Work order =
The records below must be returned exactly, with every picture left out.

───── Given records

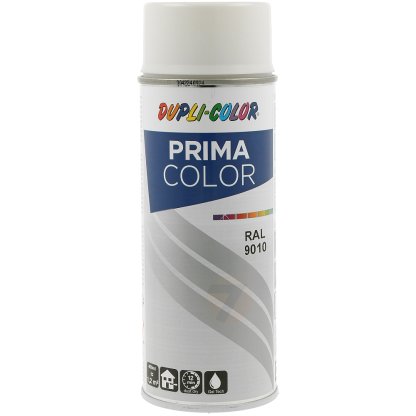 Dupli-Color Prima RAL 9010 Gloss Pure White Spray Paint 400 ml
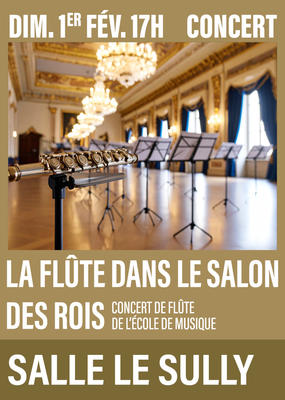 Concert – la flûte dans le salon des rois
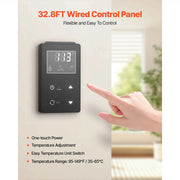 Load image into Gallery viewer, Gas Tankless Water Heater 5.3/ 8Gal Outdoor 191000 BTU Instant Hot Water Heater Smart Temperature Control Protections
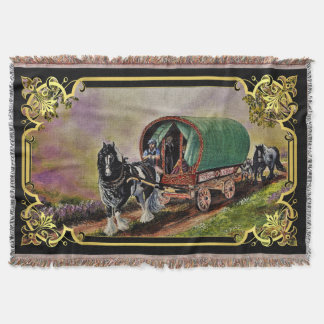 Couverture Gypsy Vanner cheval Irish Caravan wagon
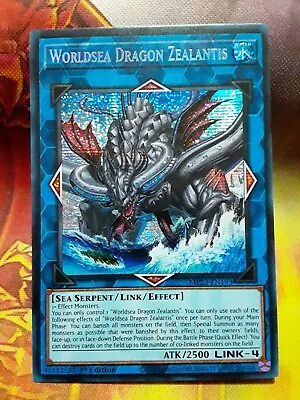 Yugioh Worldsea Dragon Zealantis Prismatic Secret MP23-EN193 1st NM • $1.85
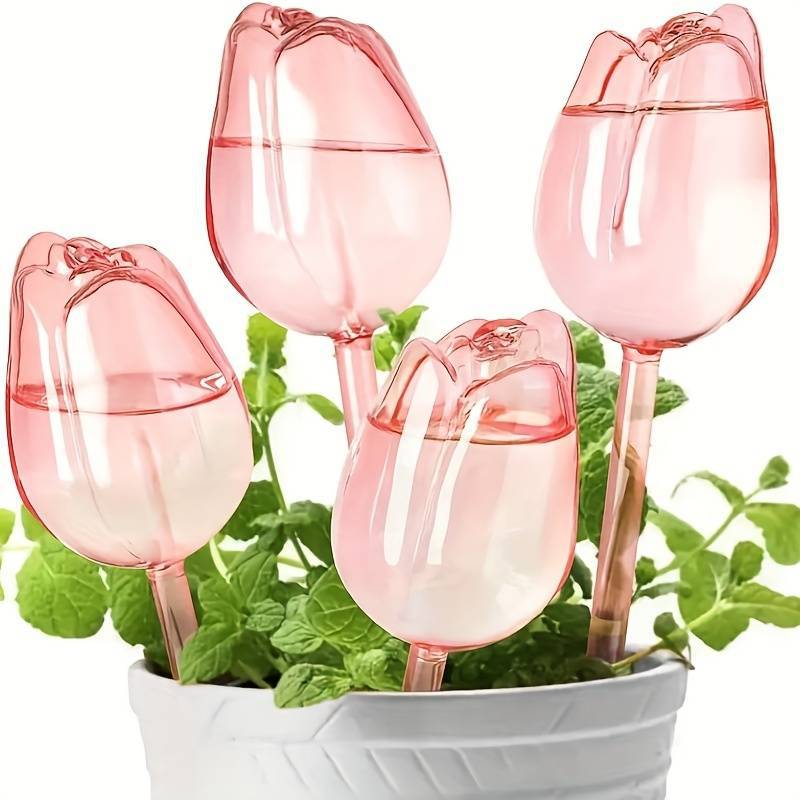 pink tulip plant watering balls product angle 8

──────────

Expected answer =
 Dupli-Color Prima RAL 9010 Gloss Pure White Spray Paint 400 ml
 Concert – la flûte dans le salon des rois
 Load image into Gallery viewer, Gas Tankless Water Heater 5.3/ 8Gal Outdoor 191000 BTU Instant Hot Water Heater Smart Temperature Control Protections
 Couverture Gypsy Vanner cheval Irish Caravan wagon
 Yugioh Worldsea Dragon Zealantis Prismatic Secret MP23-EN193 1st NM • $1.85
 pink tulip plant watering balls product angle 8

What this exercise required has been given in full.